Wenn Dein Arbeitgeber Dir die unbezahlte Freistellung gibt, hat das keinen Einfluss auf den gesetzlich vorgeschriebenen Mindesturlaub von vier Wochen, wenn das Arbeitsverhältnis schon länger als sechs Monate besteht. Du scheidest ja während der unbezahlten Freistellung nicht aus dem Betrieb aus. Der Mindesturlaub darf nicht gekürzt werden.

Sollte es im Betrieb mehr als den gesetzlich vorgeschriebenen Mindesturlaub geben, kann evtl. eine Kürzung des zusätzlich gewährten Urlaubs in Betracht kommen, da ist aber der Arbeitsvertrag, angewendete Tarifvertrag oder eine Betriebsvereinbarung maßgebend.

https://www.arbeitsrechte.de/unbezahlter-urlaub/anspruch/

 

Du hast keinen gesetzlichen Anspruch auf unbezahlte Freistellung.

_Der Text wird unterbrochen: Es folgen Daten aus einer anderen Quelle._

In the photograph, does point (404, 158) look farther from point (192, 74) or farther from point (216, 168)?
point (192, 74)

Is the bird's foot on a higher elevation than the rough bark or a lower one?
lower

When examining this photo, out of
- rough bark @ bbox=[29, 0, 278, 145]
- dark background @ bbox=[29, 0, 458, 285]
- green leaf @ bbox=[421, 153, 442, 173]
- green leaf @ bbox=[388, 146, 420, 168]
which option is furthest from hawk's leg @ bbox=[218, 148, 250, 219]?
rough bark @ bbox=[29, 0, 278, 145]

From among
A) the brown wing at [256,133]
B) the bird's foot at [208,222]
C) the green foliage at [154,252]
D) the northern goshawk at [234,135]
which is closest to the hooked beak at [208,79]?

Und dein Urlaub wird um die Anzahl der Monate gekürzt, an denen du eine unbezahlte Freistellung erhalten hast.

(Einfach ausgedrückt: Monatl. Urlaubstage = Jahresurlaub : 12 = mtl. Urlaubsanspruch x gearbeiter Monate = Jahresurlaub)

Und ob der AG damitspielt hängt von seinem Ermessen ab.

Du hast keinen gesetzlichen Anspruch auf unbezahlte Freistellung.

Stimmt.

Und dein Urlaub wird um die Anzahl der Monate gekürzt, an denen du eine unbezahlte Freistellung erhalten hast.

Aber nur wenn der AN die Wartezeit von sechs Monaten nicht erfüllt. Ansonsten ist mindestens der gesetzliche Mindesturlaub unantastbar.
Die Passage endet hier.